Using the data below, set down every line from the one containing "Sao Tome and" through the one containing "中医养生挂图片美容院海报SPA瑶浴泡澡的功效广告宣传装饰贴画", inclusive and unchanged. Pictures are to be skipped.

Top of EXTRACTED MATERIAL

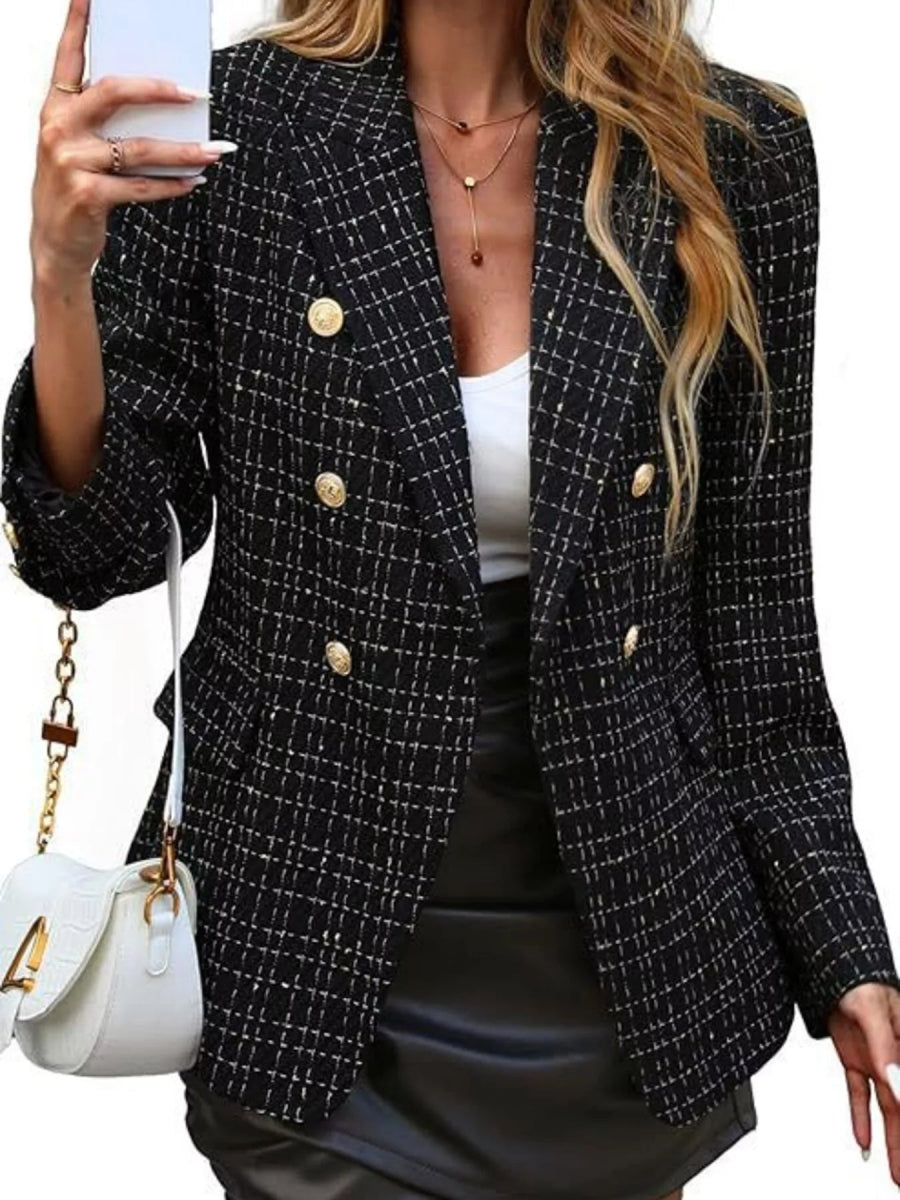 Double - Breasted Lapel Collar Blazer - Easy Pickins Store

Bottom of EXTRACTED MATERIAL
Top of EXTRACTED MATERIAL

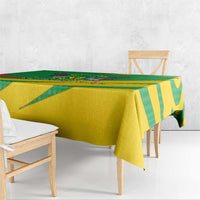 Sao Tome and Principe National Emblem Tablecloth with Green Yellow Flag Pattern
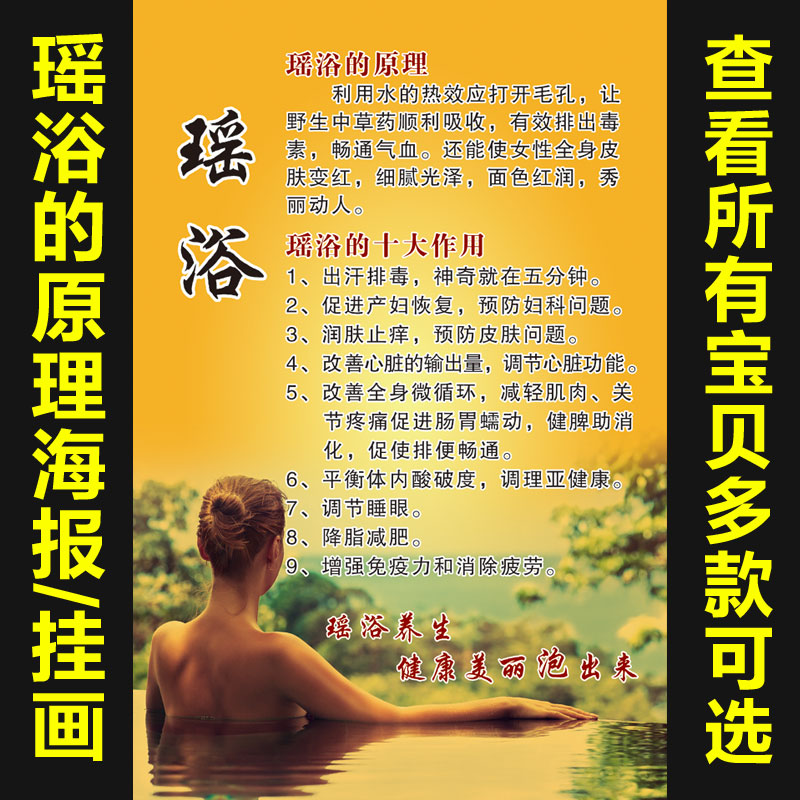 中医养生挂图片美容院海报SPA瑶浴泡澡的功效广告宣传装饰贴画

Bottom of EXTRACTED MATERIAL

TASK OUTPUT
 Sao Tome and Principe National Emblem Tablecloth with Green Yellow Flag Pattern
 中医养生挂图片美容院海报SPA瑶浴泡澡的功效广告宣传装饰贴画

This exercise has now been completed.